WASHINGTON DC - CIRCA APRIL 2015: Diverse, multicultural college students have a conversation outside the White House in Washington DC.
Photo credit: stock_photo_world / Shutterstock

Twenty-seven years since the last revision in 1997, the White House Office of Management and Budget (OMB) has altered its Statistical Policy Directive No. 15 (SPD 15)—providing a much-needed update in the standards for defining race and ethnic categories for use in data collection across all government agencies.

The revised standards are not perfect, and OMB promises to continue monitoring their use. But they are a marked improvement in light of ongoing shifts in U.S. racial and ethnic demographics, because they will allow more flexibility for individuals in identifying how they see themselves.

The new changes will affect the “minimal categories” for data collection—the race and ethnicity data that every federal survey will be required to ask about.

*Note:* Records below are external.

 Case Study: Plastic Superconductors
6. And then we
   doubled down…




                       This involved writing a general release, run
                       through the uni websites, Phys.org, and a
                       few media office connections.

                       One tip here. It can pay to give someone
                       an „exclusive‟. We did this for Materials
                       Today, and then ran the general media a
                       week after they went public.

In addition to the five “race” categories that have been used for decades (reflecting persons identifying as White, Black or African American, Asian, Native Hawaiian or Pacific Islander, or American Indian or Alaska Native), the new minimal categories will also include “Hispanic or Latino” and “Middle Eastern or North African” (or MENA). These two new categories are not traditional racial categories; therefore, this classification will be noted as one of “race and/or ethnicity.”

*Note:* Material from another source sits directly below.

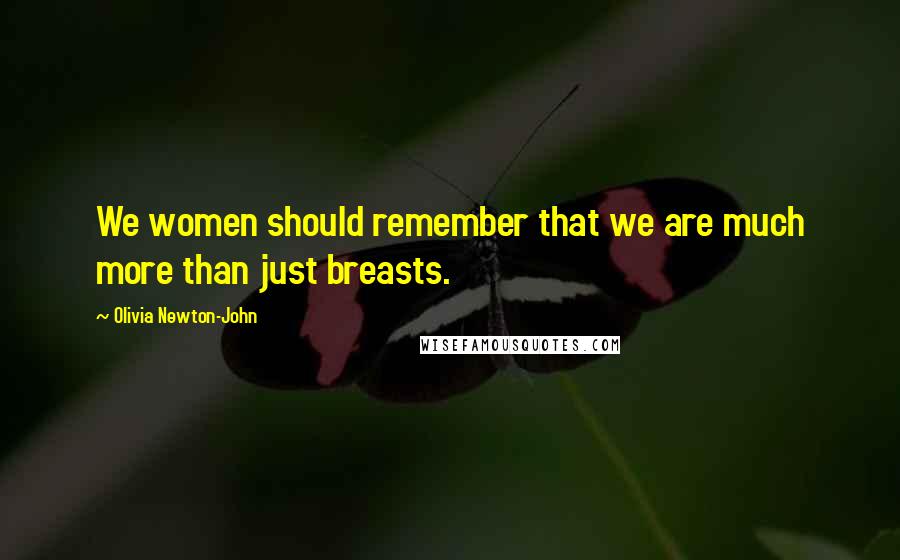 Olivia Newton-John quotes: We women should remember that we are much more than just breasts.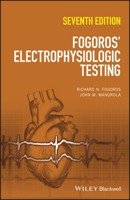 Fogoros' Electrophysiologic Testing 1119855675 Book Cover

The addition of the Hispanic or Latino category results from the elimination of the separate “Hispanic/Non Hispanic” question which was previously asked in addition the race question. Research from the Census Bureau and others showed that when posed with separate ethnicity and race questions, a large share of Hispanic or Latino respondents did not identify with traditional racial categories and that a “combined” race/ethnic question yielded far more valid results. In this new classification, Hispanic or Latino respondents, like those of other groups, can choose to identify with other racial categories as well, but will not be required to.

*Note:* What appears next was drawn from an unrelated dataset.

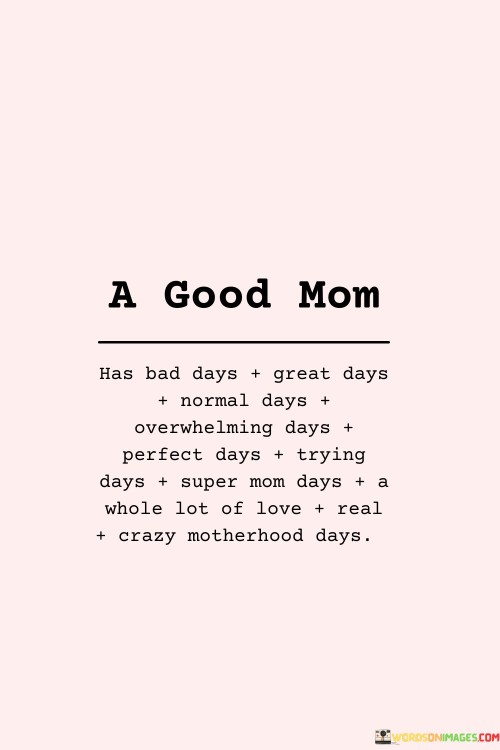 A Good Mom Has Bad Days Great Days Normal Days Overwhelming Quotes
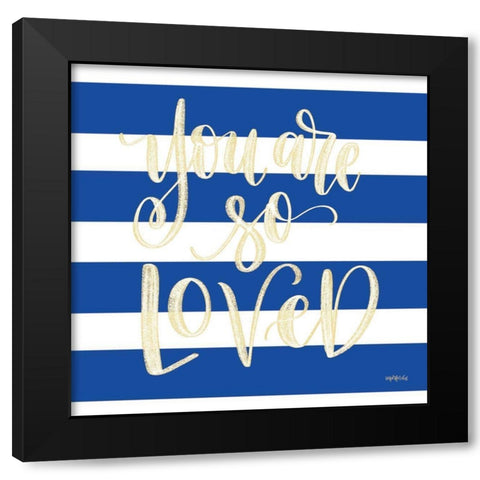 Youre So Loved Black Modern Wood Framed Art Print with Double Matting by Imperfect Dust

The addition of the MENA category for people of Middle Eastern and North African descent stems from years of lobbying from MENA-related communities. Prior to the new standards, MENA was often offered as subcategory of “White.”

Perhaps most importantly, the new standards dictate that as a default, government agencies will collect data on detailed race and ethnic groups within each of the seven minimal race and ethnic categories. And where possible, agencies will provide “check boxes” for the five largest detailed groups (based on the 2020 census) as well as an open-ended “write in” box to capture other groups. (One exception is for the American Indian or Alaska Native category, for which only a write-in option is required.) Moreover, the instructions on questionnaires that allow both minimal and detailed categories encourage respondents to select “all that apply,” thus facilitating the collection of multiracial and multiethnic categories.

Clearly, the expansion of the data that government agencies collect will provide far greater opportunities to examine racial and ethnic disparities on measures of economic well-being, health, education, and more from variety of sources. With that said, OMB is aware of the challenges involved with their implementation—it provides guidelines for their presentation and promises to maintain a standing Interagency Committee to carry out continuing research and review of SPD 15. Now, it is up to policymakers, scholars, and practitioners to communicate their experiences with the new standards to the wider network of stakeholders and agencies in order to take advantage of this long overdue effort to improve the nation’s diversity data.

William H. Frey

In this Around the Halls piece, scholars from across Brookings give their early thoughts on these changes and their potential impacts.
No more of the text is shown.